Sales of computer monitors even suffered a negative 4.8% growth, though the shipments rose 15.4% to 5.08 million units. These figures may be skewed by the fact that there is a move from the old cathode-ray tube (CRT) to the new liquid crystal display (LCD) monitors.
At the same time, the global trend is from desktop machines to laptops, a shift that could have grave consequences for China's vast array of PC and component makers. This serves to reinforce the fact that there are two very separate markets here: China itself and the rest of the world.
PR problems
The biggest domestic manufacturer of PCs is Lenovo, and although it is the only one which has a serious direct export market - thanks to its acquisition of IBM's PC division - it has an image problem outside of China.
Australian Connection Research Services recently completed a survey of personal computer sales in Australia. Only three out of over 1,000 respondents knew of Lenovo. This is a reflection of what appears to be a worldwide situation.

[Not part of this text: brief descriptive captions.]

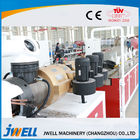 Jwell PVC semi- skining WPC Foam Board extrusion line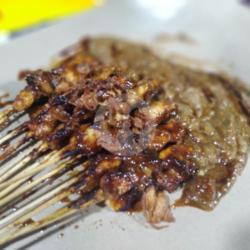 10 Tusuk Sate Ayam Special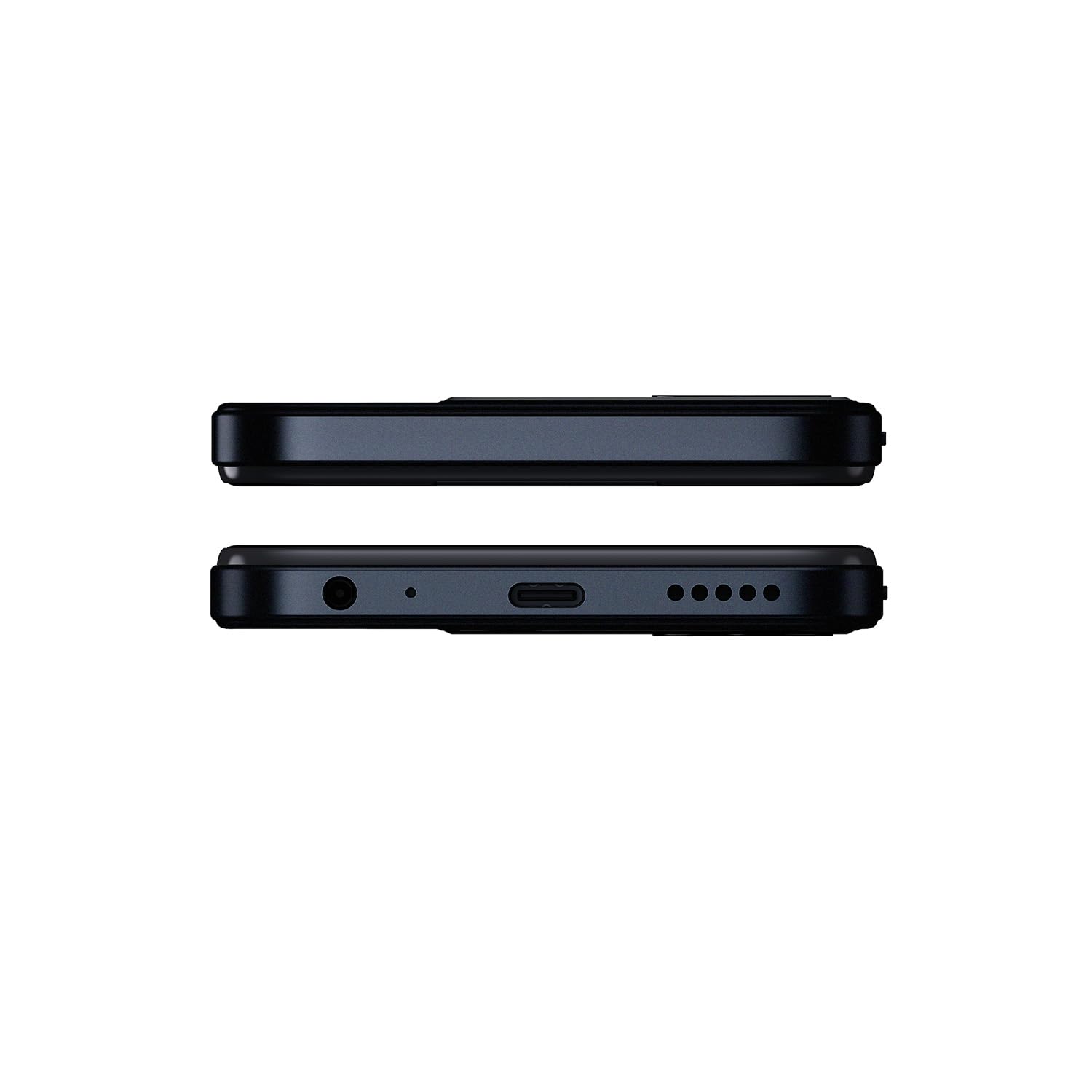 ايتل A50C|شاشة 6.6" HD+ مع شريط ديناميكي| 2 جيجابايت RAM + 32 جيجابايت ROM، حتى 4 جيجابايت RAM مع دمج الذاكرة|معالج ثماني النواة|كاميرا خلفية مزدوجة 8 ميجابكسل مع الذكاء الاصطناعي|فتح بصمة الإصبع والوجه - أسود ياقوتي - ضمان لمدة سنة - صفر ضريبة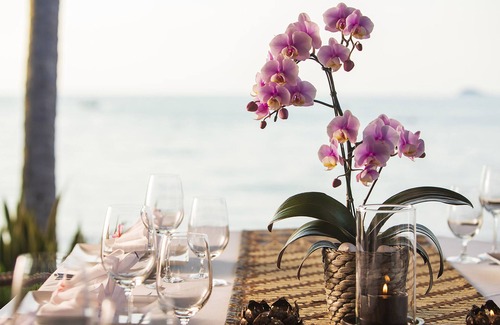 Lipa Noi House | Relax at Tawantok Beach Villas with Ocean Views & Pool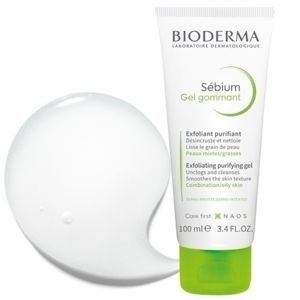 Tẩy tế bào chết Bioderma Sebium Gel Gommant 100ml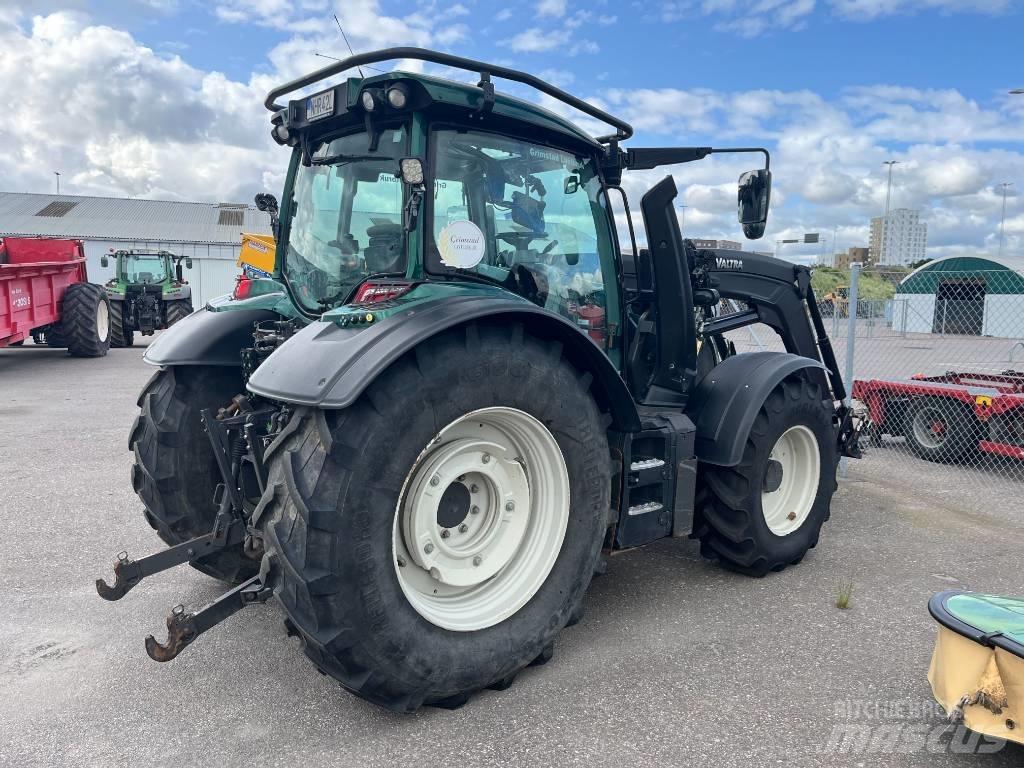 Valtra N174 D TT +L Трактора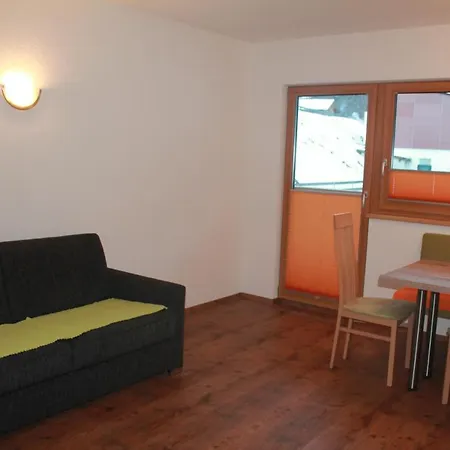 Appartement Haus Sennhof *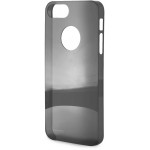 ������� ������ PURO CRYSTAL COVER ��� IPHONE 5/5S/SE �����
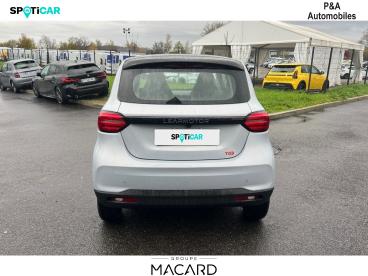 SPOTICAR Leapmotor T03 Electric 95ch Design Occasion - Berline Electrique Gris Canopée - Montauban - 1203726732_5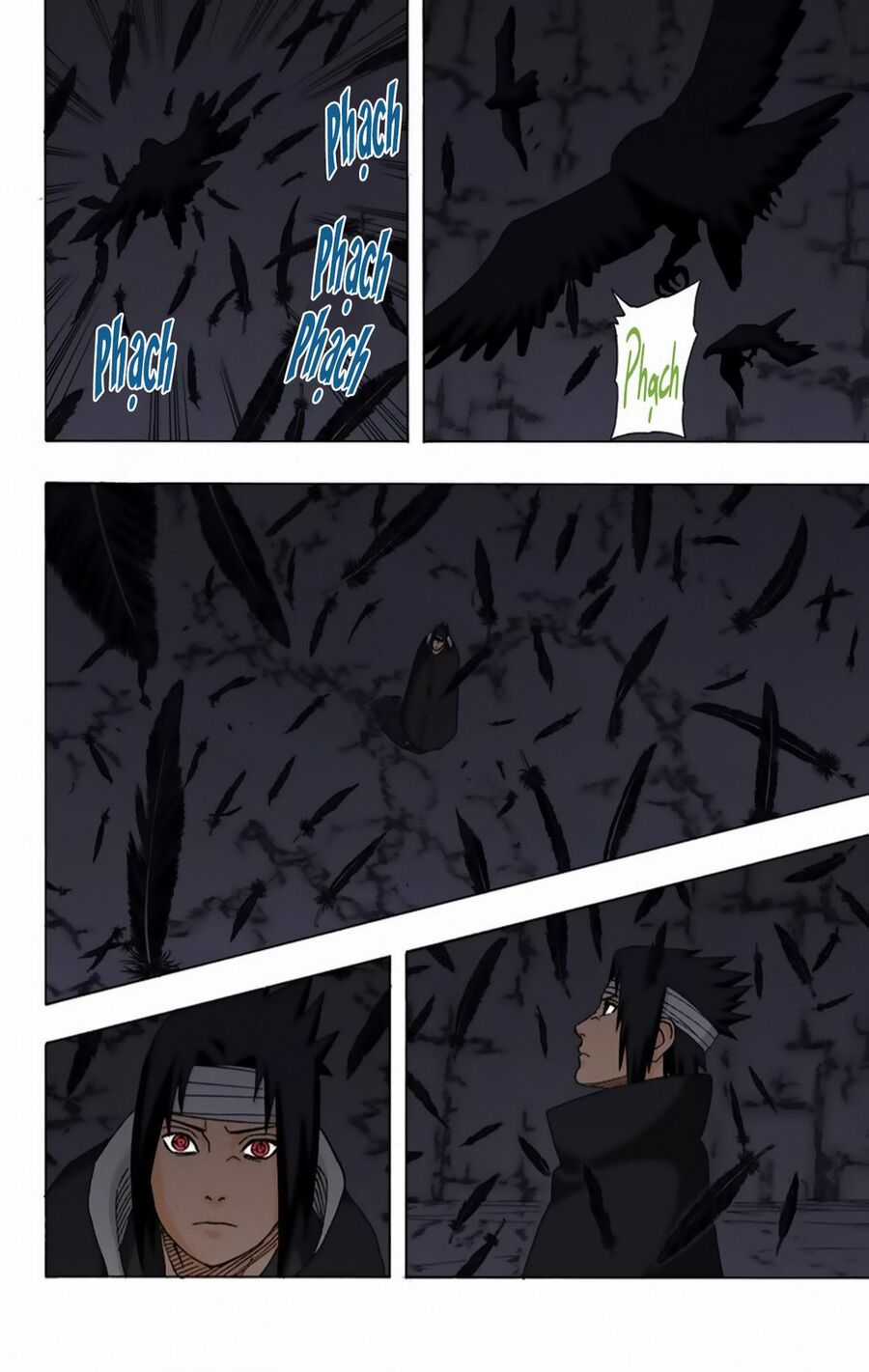 Naruto Full Color Edition - Chapter 368 - Trang 3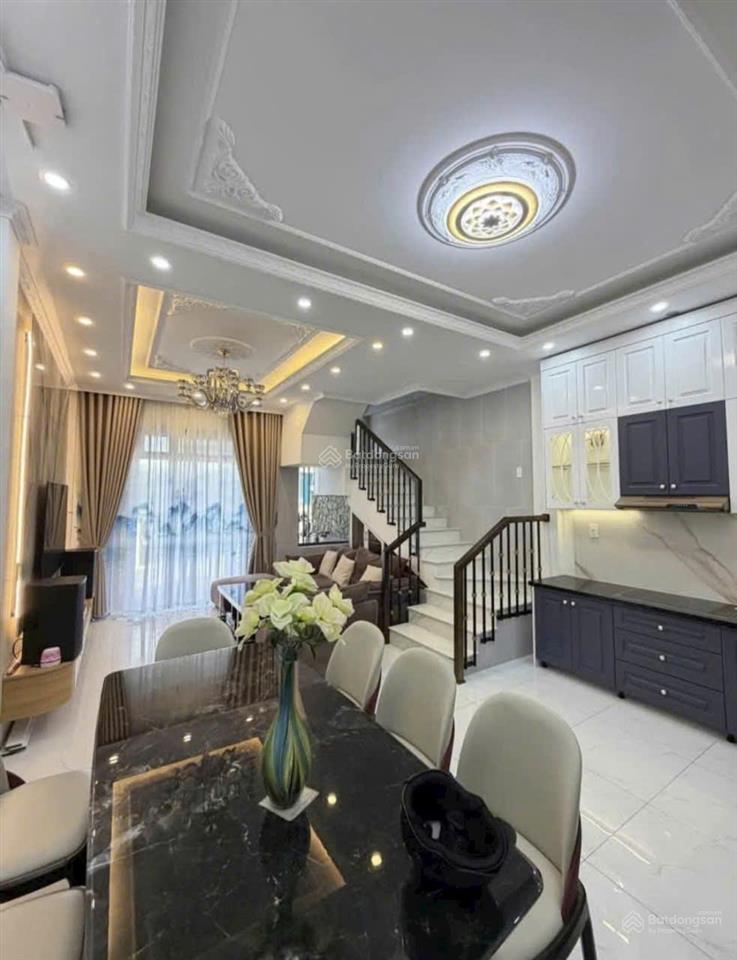 Chính chủ cần bán gấp nhà liên kế mới tinh, đường ngô thị nhậm. full nội thất, có thể vào ở ngay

Technology Business Research (TBR) analyst Martin Kariithi wrote in a report published earlier this year: "Given the competitive dynamics and aggressive attempts by top-tier vendors like Hewlett-Packard and Dell to increase market share in the region, TBR believes Lenovo's market share in China is close to reaching a saturation point. TBR expects the company's market share gains to taper off as Lenovo approaches the 39% market share level."
For the fourth quarter Lenovo's market share in China stood at 36.2%.
Processing power
However, there are a few bright spots, such as the domestic market for central processing units (CPUs). China started CPU R&D in 2001, and the first chip, Godson I, came out in September 2002. The Institute of Computing Technology (ICT) under the Chinese Academy of Sciences now has a five-year agreement with STMicroelectronics to sell the current chip offering which is Longsoon-2E, a 1GHz processor that is manufactured using a 90-nanometer process.
It remains to be seen how well the chip can do in world markets. It only offers the same performance as Pentium III and Pentium 4 processors but doesn't use the x86 instruction set found in chips from Intel and Advanced Micro Devices.
Dell has launched a low-cost PC for China which uses very little power. Prices range from US$335 to US$520. It is claimed that Hewlett-Packard plans to follow suit, teaming up with Taiwan's little known chipmaker Via Technologies. Their PC is projected to cost under US$520 complete with basic software.
With Dell and Hewlett-Packard bringing low-end products into China to complement their higher value ranges, the domestic PC industry is at a turning point. Companies are faced with a choice between supplying their home market directly - almost by definition the low-cost end - or creating and assembling parts for overseas companies.
Only Lenovo has any export volume to speak of and it is clearly relying on the 2008 Olympic Games, of which it is a sponsor, for a push forward. Problems will arise, however, if this is not enough.